When is array-to-array cast legal, and what does actually happen?
Daniel Keep
daniel.keep.lists at gmail.com
Mon Feb 22 17:49:47 PST 2010
> ...
>
> I see that neither the constructor nor the postblit is called.
> Apparently the bit representation is used. This has the risk of
> violating struct invariants.
>
> Is it legal?
>
> Thank you,
> Ali
cast is to value conversions what a tactical nuclear strike is to
peaceful negotiations. cast is specifically *designed* to circumvent
the type system's protections [1].
If you want to do a value conversion, *do a value conversion*. Allocate
a new array and convert each member. cast doesn't call the constructor
or the postblit because it's doing a pointer conversion.

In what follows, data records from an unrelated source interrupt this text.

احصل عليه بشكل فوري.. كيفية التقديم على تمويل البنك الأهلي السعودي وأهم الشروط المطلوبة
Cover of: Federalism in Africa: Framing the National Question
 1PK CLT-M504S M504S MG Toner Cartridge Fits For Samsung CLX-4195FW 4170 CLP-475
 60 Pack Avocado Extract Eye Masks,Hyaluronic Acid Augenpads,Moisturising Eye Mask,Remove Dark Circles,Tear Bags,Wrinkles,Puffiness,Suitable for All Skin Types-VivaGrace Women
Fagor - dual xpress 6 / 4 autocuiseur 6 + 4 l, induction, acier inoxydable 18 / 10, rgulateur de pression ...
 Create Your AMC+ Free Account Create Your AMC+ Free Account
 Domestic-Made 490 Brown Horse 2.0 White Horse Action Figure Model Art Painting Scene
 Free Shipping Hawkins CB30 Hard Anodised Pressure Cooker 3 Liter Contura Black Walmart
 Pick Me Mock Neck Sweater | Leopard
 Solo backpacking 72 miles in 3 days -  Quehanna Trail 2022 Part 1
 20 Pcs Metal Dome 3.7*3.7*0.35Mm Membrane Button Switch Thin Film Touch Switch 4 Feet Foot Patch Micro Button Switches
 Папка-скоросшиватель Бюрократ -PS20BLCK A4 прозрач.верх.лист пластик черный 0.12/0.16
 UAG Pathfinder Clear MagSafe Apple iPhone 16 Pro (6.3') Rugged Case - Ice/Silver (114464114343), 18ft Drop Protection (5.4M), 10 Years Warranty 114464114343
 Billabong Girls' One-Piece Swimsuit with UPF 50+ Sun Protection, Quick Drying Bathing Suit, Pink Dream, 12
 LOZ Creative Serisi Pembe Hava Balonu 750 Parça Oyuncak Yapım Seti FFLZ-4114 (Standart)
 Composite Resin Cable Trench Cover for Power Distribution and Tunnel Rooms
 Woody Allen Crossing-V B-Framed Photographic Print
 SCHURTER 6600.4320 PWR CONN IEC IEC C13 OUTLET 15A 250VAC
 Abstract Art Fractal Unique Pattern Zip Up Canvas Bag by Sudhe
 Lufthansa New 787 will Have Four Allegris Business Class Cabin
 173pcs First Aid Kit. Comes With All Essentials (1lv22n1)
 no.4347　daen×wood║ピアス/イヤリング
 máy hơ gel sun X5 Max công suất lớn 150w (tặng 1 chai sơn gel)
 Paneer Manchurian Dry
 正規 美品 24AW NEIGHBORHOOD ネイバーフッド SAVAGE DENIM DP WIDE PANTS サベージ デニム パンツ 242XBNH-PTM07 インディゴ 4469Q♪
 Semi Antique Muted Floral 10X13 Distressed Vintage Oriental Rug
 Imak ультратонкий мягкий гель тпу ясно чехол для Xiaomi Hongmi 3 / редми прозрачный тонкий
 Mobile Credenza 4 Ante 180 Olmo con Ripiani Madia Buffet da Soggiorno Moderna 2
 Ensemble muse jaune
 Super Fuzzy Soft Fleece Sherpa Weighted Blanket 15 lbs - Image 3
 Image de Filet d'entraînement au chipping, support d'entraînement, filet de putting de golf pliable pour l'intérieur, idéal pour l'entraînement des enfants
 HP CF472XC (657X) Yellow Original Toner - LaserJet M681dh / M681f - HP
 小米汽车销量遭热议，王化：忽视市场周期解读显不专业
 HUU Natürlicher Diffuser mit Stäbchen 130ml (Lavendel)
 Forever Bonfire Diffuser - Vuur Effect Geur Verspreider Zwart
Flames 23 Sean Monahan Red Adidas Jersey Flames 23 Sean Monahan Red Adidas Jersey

Your code is basically equivalent to this:
void main()
{
auto tmp = "hello"d;
auto mine = cast(MyChar*)(tmp.ptr)
[0..(tmp.length*typeof(tmp[0]).sizeof)/MyChar.sizeof)];
}
That is, it's doing an unsafe, unchecked pointer cast, then re-slicing
the array.
To answer your question: yes, it's legal. Not what you wanted, but legal.
[1] Except for int<->float. Oh, and objects. Really, this is one thing
I could just about strangle K&R for: conflating value-preserving,
non-value-preserving *AND* unsafe conversions all into a single
construct. Walter, gets slapped with a fish for not putting a bullet in
cast's head when he had the chance. Argh!